"By joining forces, we can offer cancer patients of all ages a chance at life," says Dr. Shulman.
Dana-Farber, partnering with Brigham and Women’s Hospital and Children’s Hospital Boston, offers patients highly advanced treatments in modern facilities. Our patients also benefit from an excellent staff, clinical research, and extensive resources, and many of them survive cancer to live long and healthy lives.
Is it fair, then, that cancer remains a death sentence elsewhere in the world? In Rwanda, for example, a country of 10 million people, cancer care has been completely unavailable to almost all patients. They die of cancers that could have been cured in Boston.

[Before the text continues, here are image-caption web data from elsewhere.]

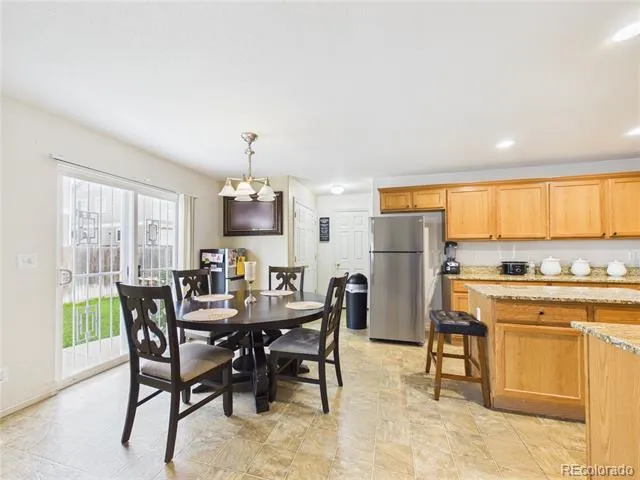 5560 Lewiston Street Denver, CO 80239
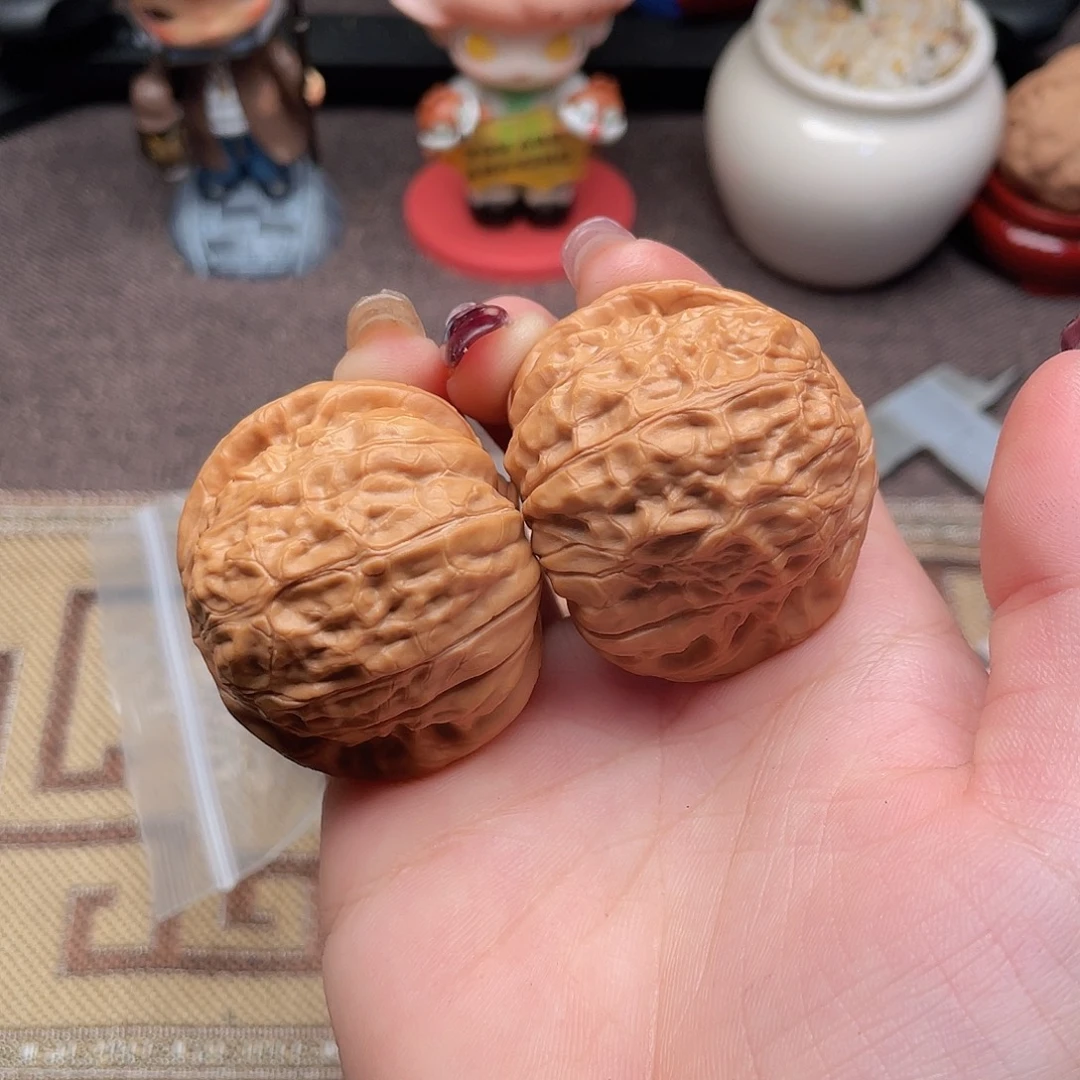 吊坠文玩核桃全品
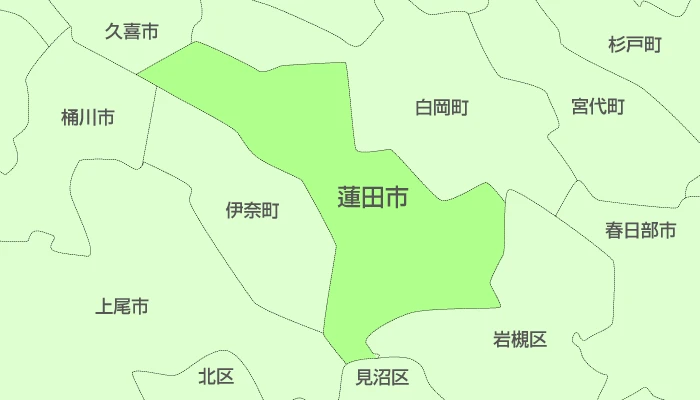 埼玉県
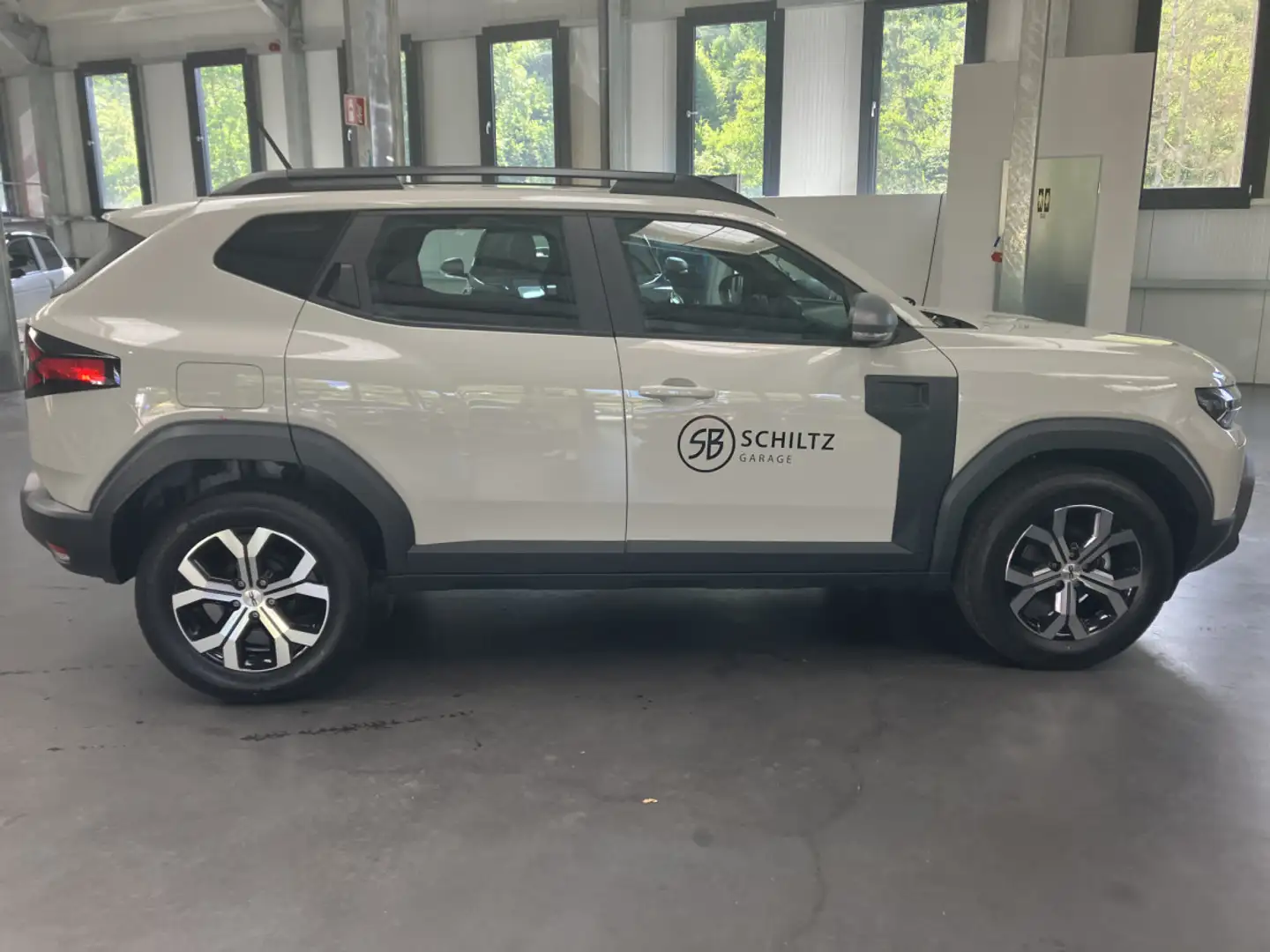Dacia Duster 1.2 Mild Hybrid Expression Beige - 2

Dana-Farber/Brigham and Women’s Cancer Center is bringing expertise and resources to countries such as Rwanda, Malawi, and Haiti, in collaboration with Partners in Health, and with support from the Jeff Gordon Children’s Foundation, the Lance Armstrong Foundation, and Michele and Howard Kessler. Teamwork is critical here; PIH is skilled at delivering health care in very resource-poor places, but lacks specific cancer expertise. We understand cancer, but not how to care for patients in such challenging areas, where much of the infrastructure required for cancer care (such as pathology labs) is missing. By joining forces, we can offer cancer patients of all ages a chance at life.
We’re beginning in the tiny nation of Rwanda, the most densely populated country in Africa and one of the poorest in the world. Our goal is not only to help bring cancer care to individual children and adults, but also to work with the Rwandan ministries in developing the policies and infrastructure needed for this work to take place.